[mpich-discuss] Issues with shared memory window
Balaji, Pavan
balaji at anl.gov
Sat Jul 26 09:46:17 CDT 2014
Jonathan,
There are several errors in the code.
Why is the window malloc(0)’ed? The window is created by Win_allocate_shared.
You need to do a barrier after all accesses to the window. Otherwise, another process might free the shared memory while you are accessing it.

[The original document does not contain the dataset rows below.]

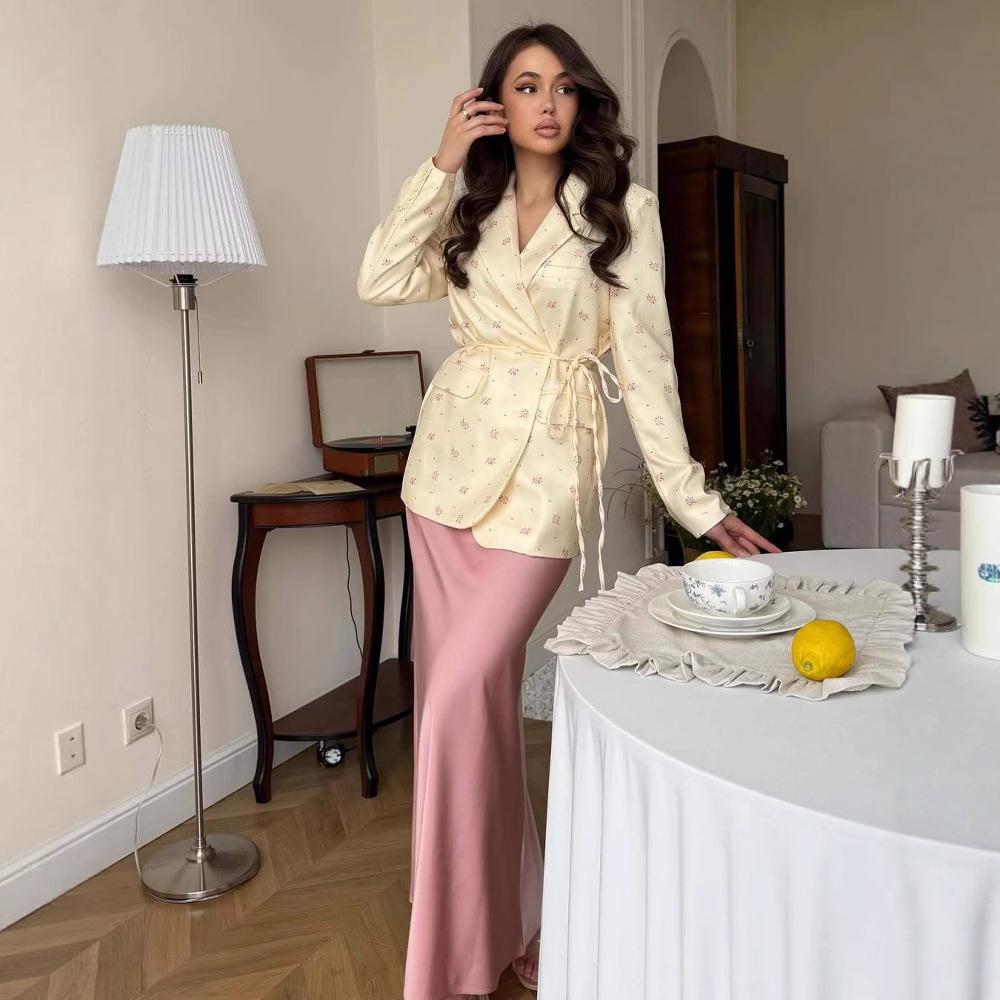 2025 Autumn Women's Tie Print Slimming Suit Jacket - European and American Style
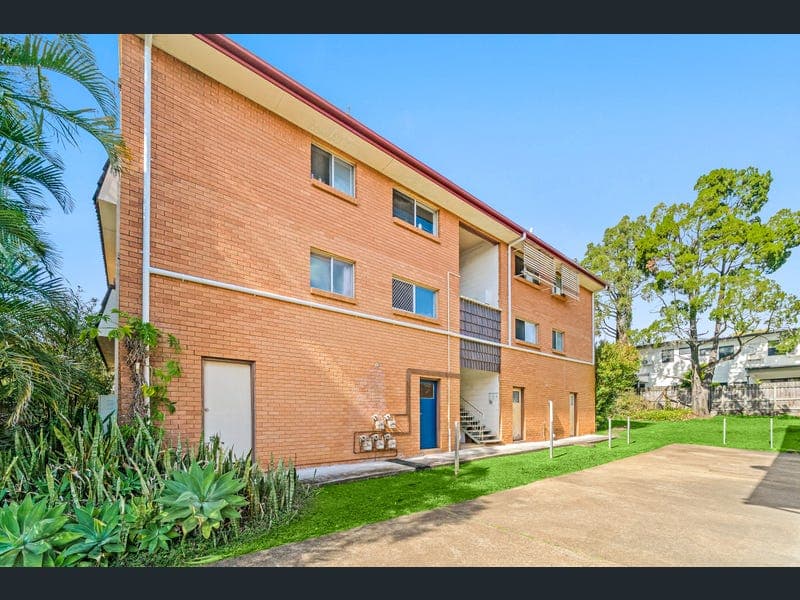 1/113 Chaucer Street, Moorooka — photo 1 of 3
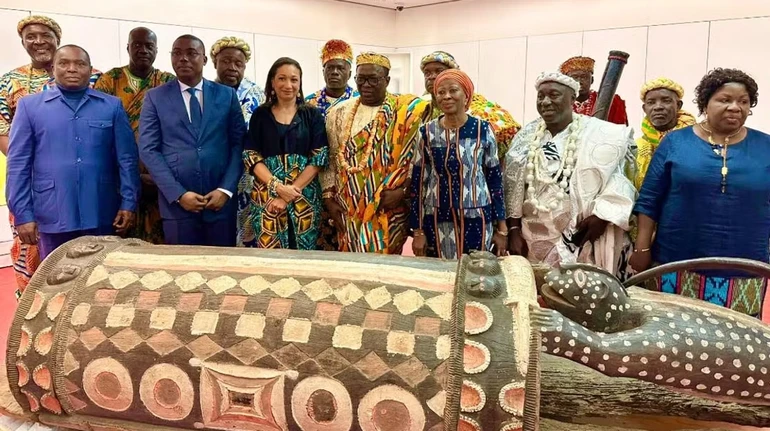 Франція ухвалила закон про повернення колишнім колоніям викрадених цінностей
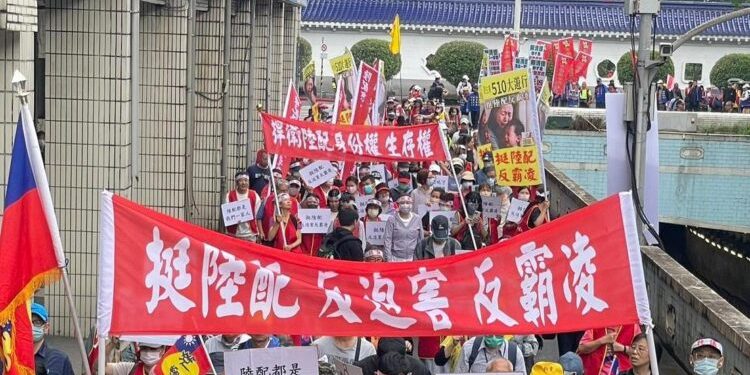 「510挺陸配大遊行」中正紀念堂登場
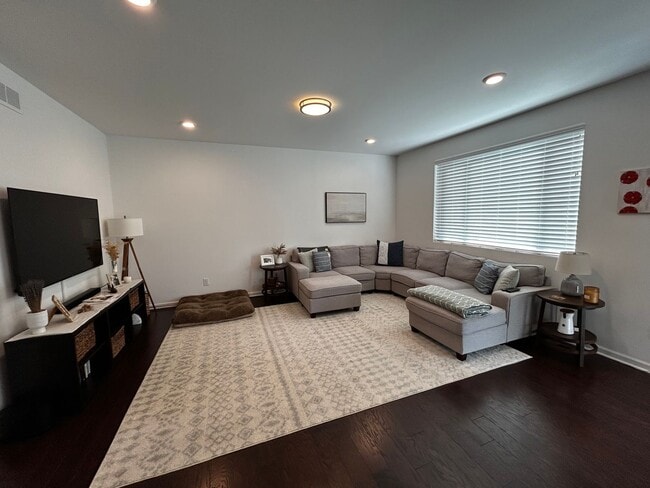 Building Photo - Beautiful 3 Bedroom Home for Rent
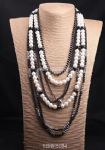 Multilayers beaded necklace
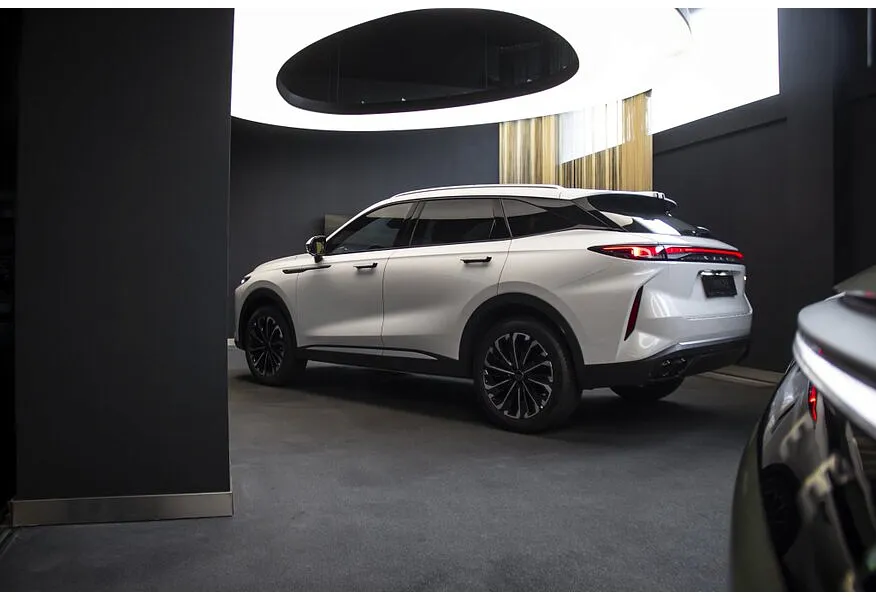 EXEED RX 2.0T DCT 4WD (197 л.с.) Urban Белый в АВИЛОН. Слайд №7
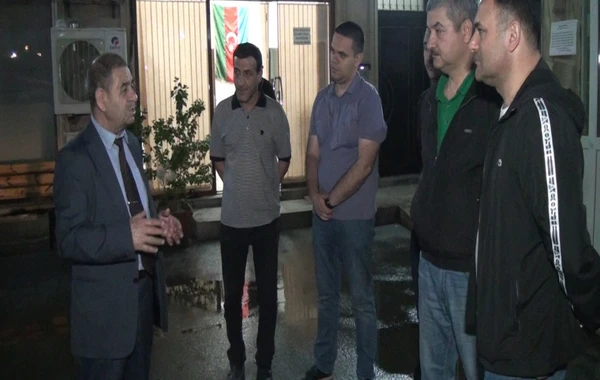 Bakıda təlim - Yanğın avtomobili yaşayış kompleksinə daxil ola bilmədi - FOTO/VİDEO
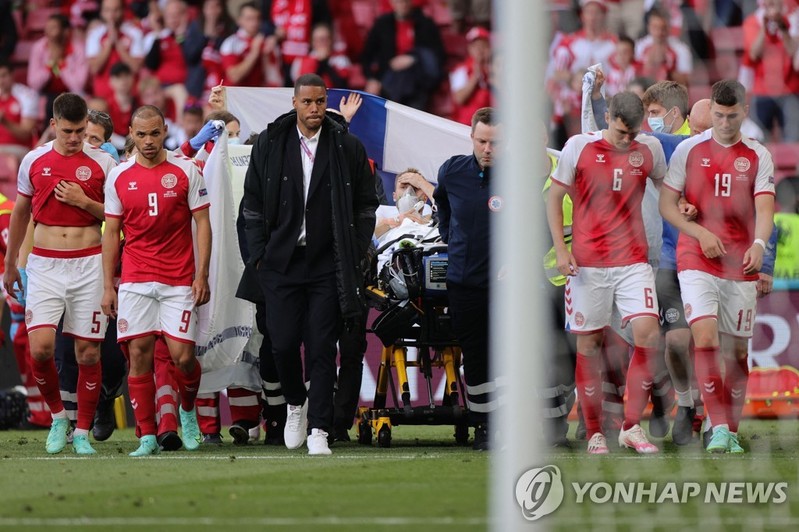 덴마크 팀닥터 "에릭센, 심장소생술 직전 사망 상태"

You need to have a bunch of Win_sync’s after each process has done its writes and before processes do their reads.
You need to free the Window using MPI_Win_free.
You should free your communicator, otherwise it’s a resource leak.
The argument to be passed for your array should be &arr, not arr, since arr is an OUT parameter.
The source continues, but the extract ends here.